» Exercise objective: Your answer must consist of the records below, reproduced exactly, with every picture removed.

» Data to use:
------------

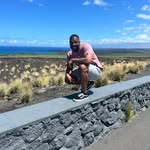 Corry Johnson - @1lovecj - Instagram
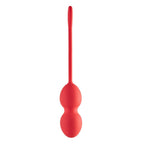 Dreamtoys Love Signal Playful Drops rosa penisring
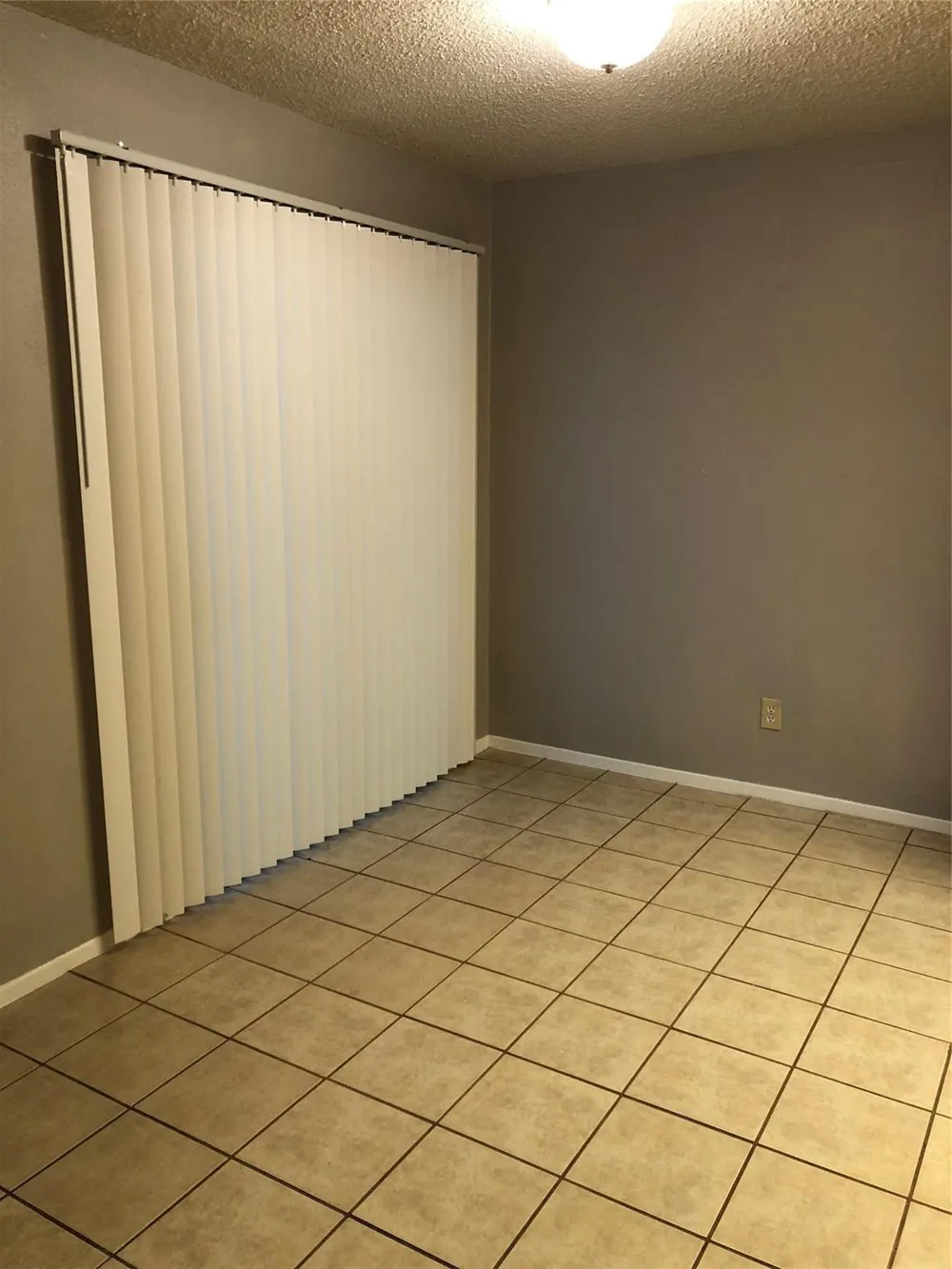 12002 Mighty Oak Drive Houston, TX 77066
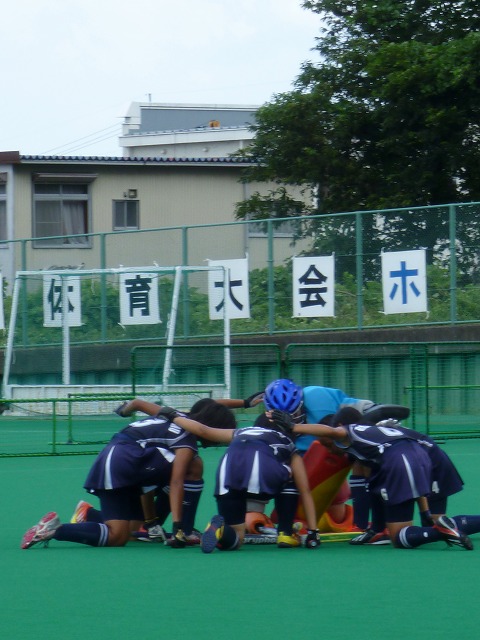 P1050630
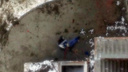Молодая челябинка выпала с балкона высотки в «Академ Riverside»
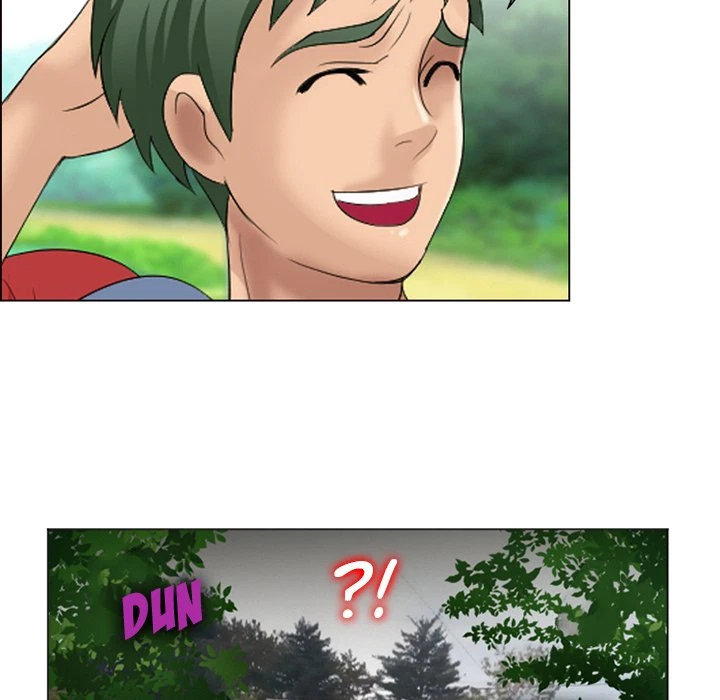 Chapter 6, page 23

------------

» The completed task:
 Corry Johnson - @1lovecj - Instagram
 Dreamtoys Love Signal Playful Drops rosa penisring
 12002 Mighty Oak Drive Houston, TX 77066
 P1050630
Молодая челябинка выпала с балкона высотки в «Академ Riverside»
 Chapter 6, page 23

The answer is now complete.